There’s a lot of anxiety wrapped up in the Super Bowl, particularly if you’ve never been before. The security seems intimidating, you don’t want to bring or do the wrong thing or wind up in the wrong area, and there are a lot of rules that seem confusing at first. But once you’re there, it’s actually pretty easy — and while you’re waiting for the game to actually start, there’s plenty to fill the time. Like the Gameday Experience outside the stadium, which I wandered to next, where Eagles fans were loudly working on their spelling and a sea of people were either nervously knocking back beers, idly watching a few people attempt a dance-off, or trying to get on TV for the Fox pre-game show, which was being filmed on a raised platform just inside.
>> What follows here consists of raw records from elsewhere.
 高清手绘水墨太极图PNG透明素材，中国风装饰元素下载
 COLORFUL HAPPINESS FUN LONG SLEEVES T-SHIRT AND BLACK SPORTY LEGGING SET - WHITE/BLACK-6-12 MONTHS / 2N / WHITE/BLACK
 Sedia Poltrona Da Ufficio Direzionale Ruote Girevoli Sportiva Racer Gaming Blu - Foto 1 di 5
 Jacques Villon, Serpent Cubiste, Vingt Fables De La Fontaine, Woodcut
I found it to be a good day to be a Bills fan, as nobody automatically hates you, and the few people who notice you generally take pity on you and are kind. Some things haven’t changed in 30 years!
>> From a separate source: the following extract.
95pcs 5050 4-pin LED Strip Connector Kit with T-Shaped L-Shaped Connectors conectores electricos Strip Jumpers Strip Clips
But this bright orange vest gave me authority to go onto the field for the pre-game festivities, so that was where I headed next, shortly after 3:00 p.m. local time. Sometimes, with a credential like that, you just have to sort of test the boundaries of where you can go until you find yourself in the right place — and after I was pointed in the vaguely correct direction, I found the right door from the outside to enter the field level. At that point, I walked in after a dude who was carrying a laptop in front of himself and working on it while he was walking, while being filmed by a guy with a big video camera. This turned out to be DJ Snake — a fact I found out minutes later, when he started DJ’ing for the entire stadium on the big screen overlooking the field.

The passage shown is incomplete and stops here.